§ Work order: Output the line containing "In-Dependence by Stephanie Lottermoser" and each line after it through the end of the data, exactly as written, with pictures left out.

START Data listing

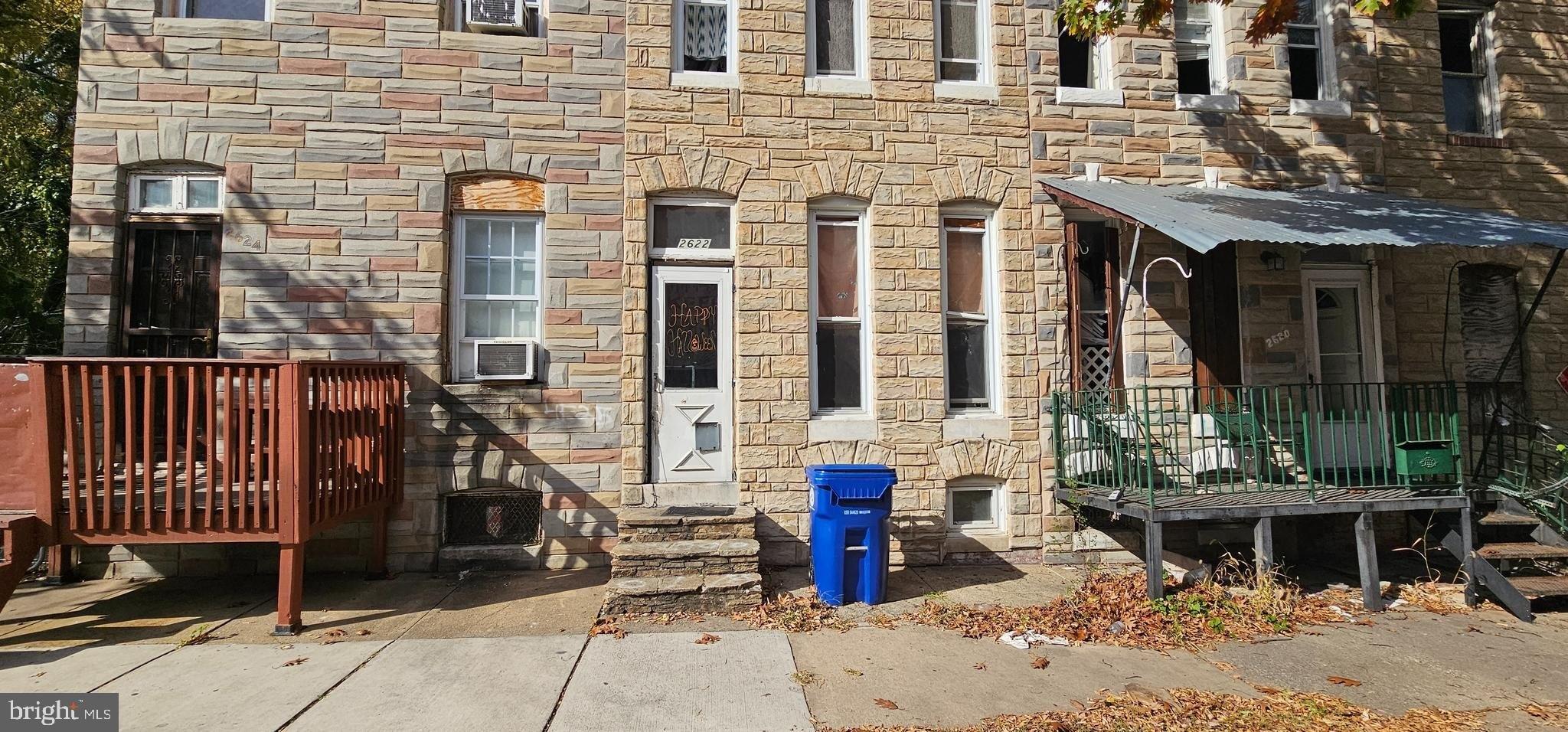 Lehman St, Baltimore, MD 21223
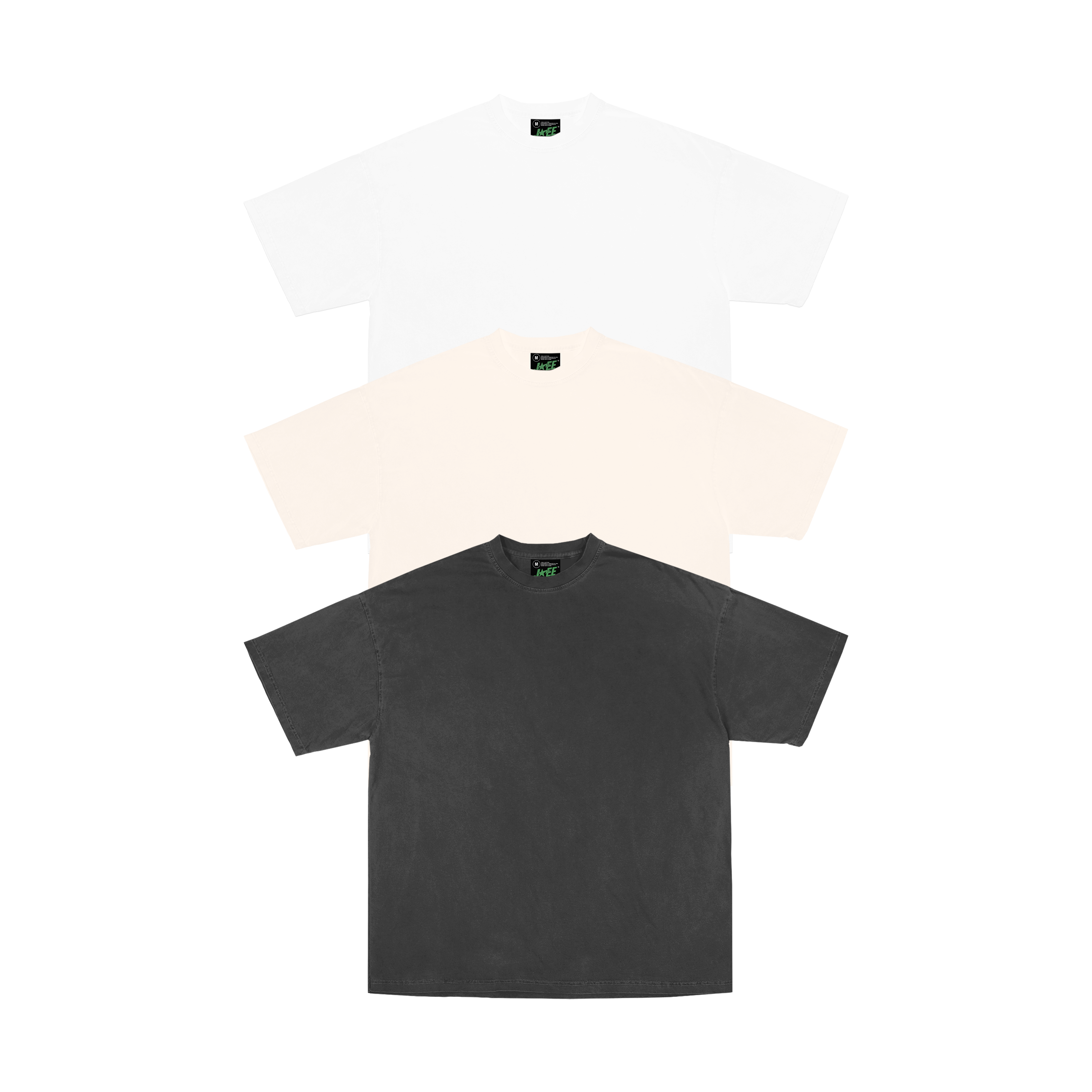 Mystery Standard Tee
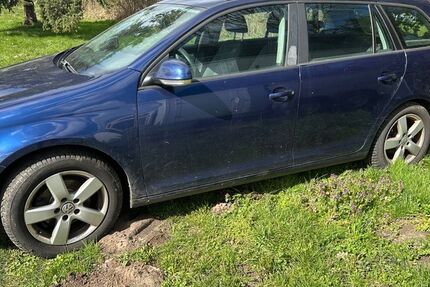 VW Golf 362.043 km 3.000 &euro; Noer 24214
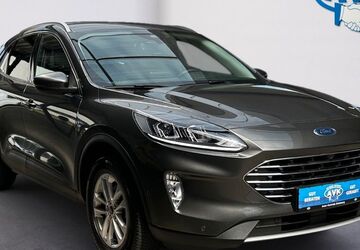 Ford Kuga 31.100 km 24.990 &euro; Husum 25813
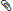 Paper clip icon you click to display an attachment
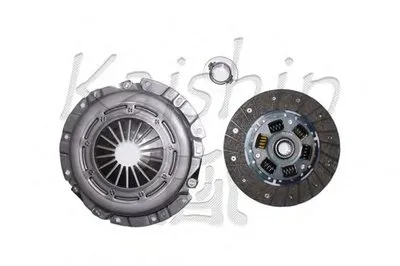 Комплект сцепления KAISHIN купить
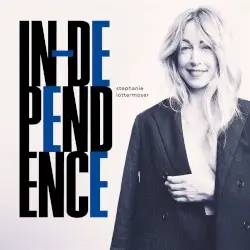 In-Dependence by Stephanie Lottermoser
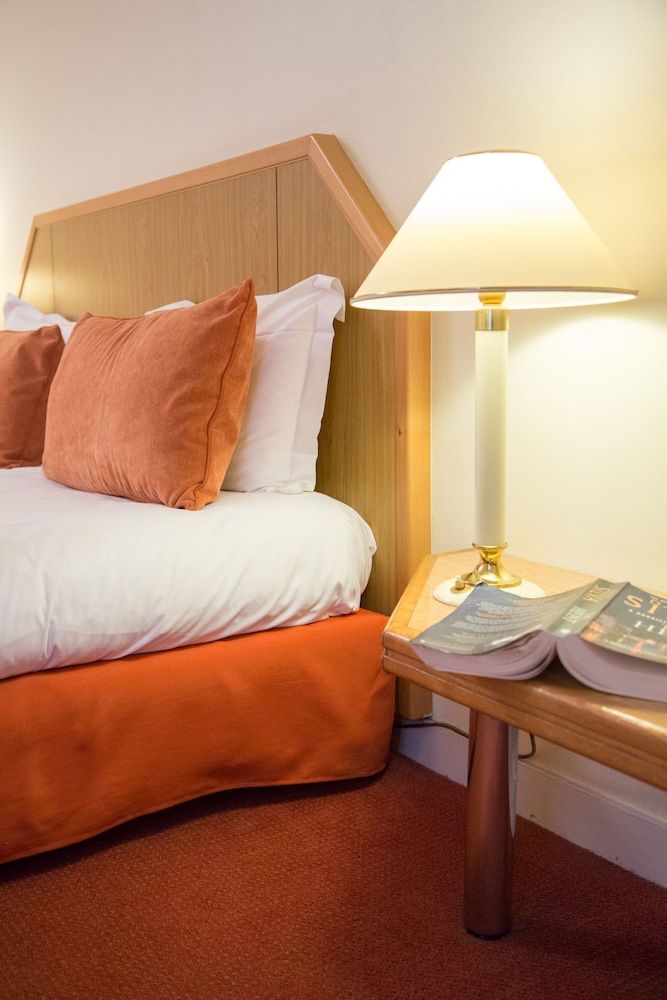 Standard Single Room photo 2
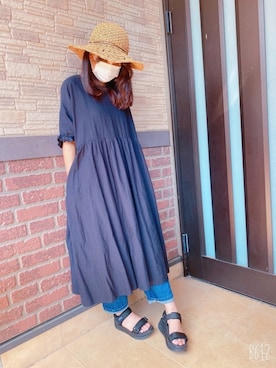 まゆまゆさんのコーディネート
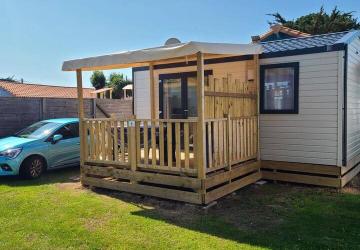 Camping du Vieux Château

END Data listing

§ Response for this exercise:
 In-Dependence by Stephanie Lottermoser
 Standard Single Room photo 2
 まゆまゆさんのコーディネート
 Camping du Vieux Château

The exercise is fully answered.